O companheiro teve de aceitar a sua decisão porque, afirma, quando conheceram já era uma futebolista e, se tivesse de escolher, o futebol ganharia. E, 40 anos depois, os dois continuam juntos e felizes. “Pendurei as chuteiras somente depois dos 50 anos. Mas ainda posso treinar e onde o Mindelense for jogar, lá vou eu. Gosto de estar com as atletas porque somos uma família. Vesti a camisola encarnada por mais de 20 anos”, diz, lembrando que iniciaram como EPIF, uma equipa montada por José Maria “Djedje” Ramos, um dos grandes incentivadores do desporto em Cabo Verde. 

Não obstante os longos anos dedicados ao futebol, Tanhuca garante que ganhou apenas amizade, conhecimentos e admiração das pessoas que gostavam de a ver jogar nos vários campos de São Vicente e também em algumas deslocações nas ilhas para participar de torneios, sendo que a sua viagem mais distante foi para Itália onde disputou uma prova organizada pela comunidade cabo-verdiana, em 2009. “Ganhei tudo o que havia para ganhar com o Mindelense, excepto o nacional de futebol feminino e isto porque, como se sabe, no futebol existe muita injustiça.

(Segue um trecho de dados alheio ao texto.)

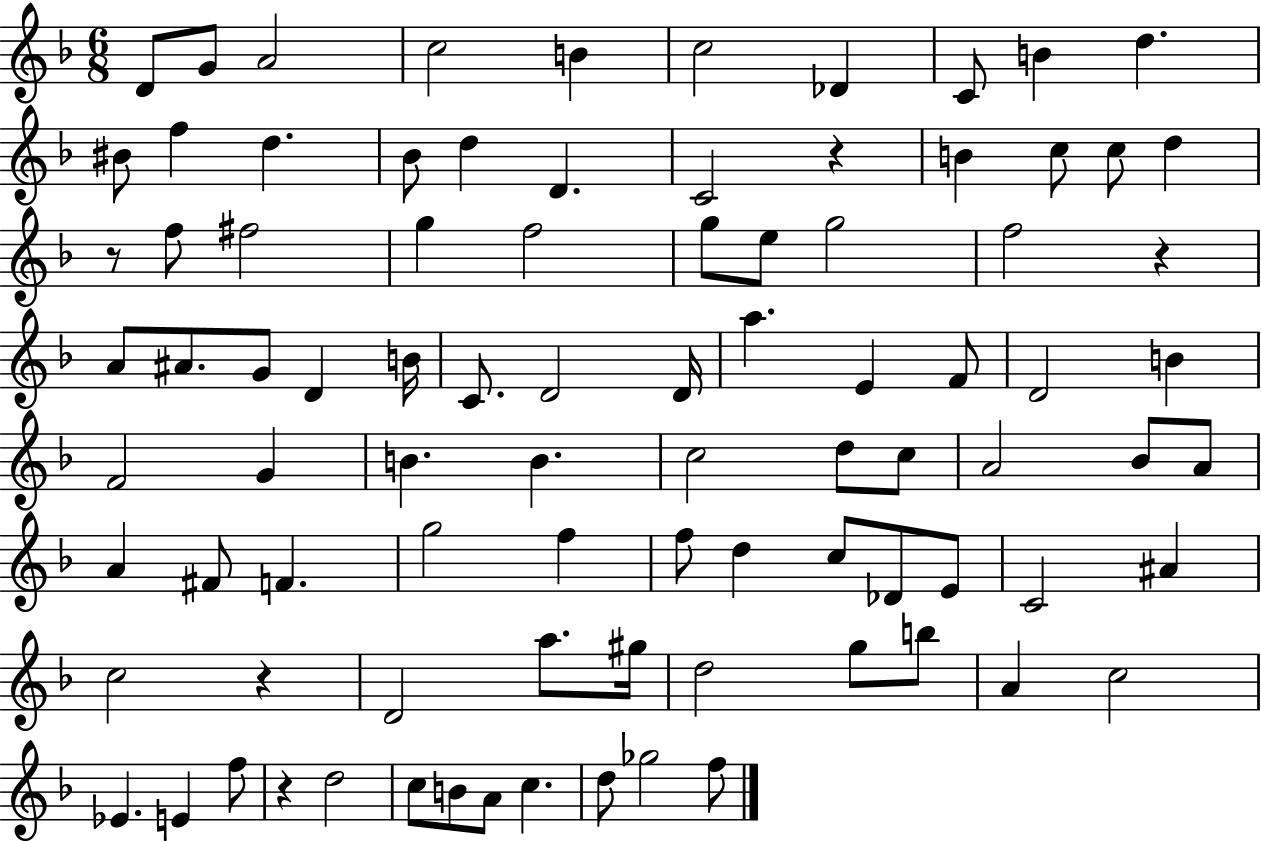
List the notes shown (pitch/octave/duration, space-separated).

Por diversas vezes formos afastados do título por manobras fora do campo”, desabafa esta veterana, que admite uma grande evolução no futebol feminino que se joga hoje.

Herança

Satisfeita, comemora o facto de ter passado o gosto pelo futebol aos filhos, inclusive o mais pequeno é neste momento federado. “Comecei a levar os meus filhos para o campo desde muito cedo. Minha mãe não gostava, mas levava escondido. E nunca impedi nenhum de jogar porque sei as dificuldades por que passei. Nunca faria o mesmo aos meus filhos. Apanhei muito, sobretudo quando chegava em casa com os meus vestidos rasgados. Por isso, passei a vestir os calções dos meus irmãos e, até hoje, só uso calças, fatos de treino ou shorts. Deixei de usar vestidos aos 10 anos.”

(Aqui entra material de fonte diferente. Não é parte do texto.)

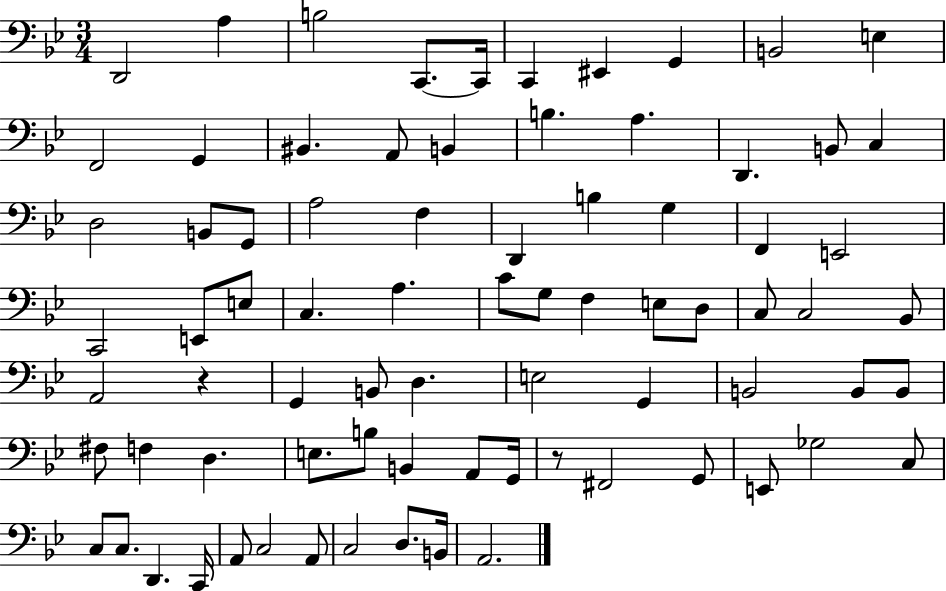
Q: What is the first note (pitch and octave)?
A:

Com uma vida rica e bem vivida, o único concelho de Tanhuca é para as mulheres perseguirem os seus sonhos, independente das dificuldades, e não se deixarem influenciar por pessoas com discursos moralistas e preconceituosos. “Nunca baixei a cabeça, também nunca levei um soco de homem. Um companheiro, namorado ou marido tem de respeitar e tratar uma mulher como um igual. A mulher não pode rebaixar porque é esposa ou mãe. A mulher deve e pode fazer as suas escolhas.”  

Aposentada e sendo “sustentada” pelos filhos, Tanhuca é uma mulher feliz e realizada. Exibe com orgulho as seis netas, dois netos e 1 bisneto de um mês. Garante que não tem inimigos e sempre teve boas relações com os vizinhos. Diz não ter saudades da vida porque viveu intensamente. Frequentou muitas festas, mas não é adepta de bebidas alcoólicas, também nunca fumou na vida. “Sou viva desporto e viva saúde, adepta do Mindelense e do Benfica, associada da OMCV, jurei Milícia e tenho cartão do Espaço Democrático, criado por Onésimo Silveira.”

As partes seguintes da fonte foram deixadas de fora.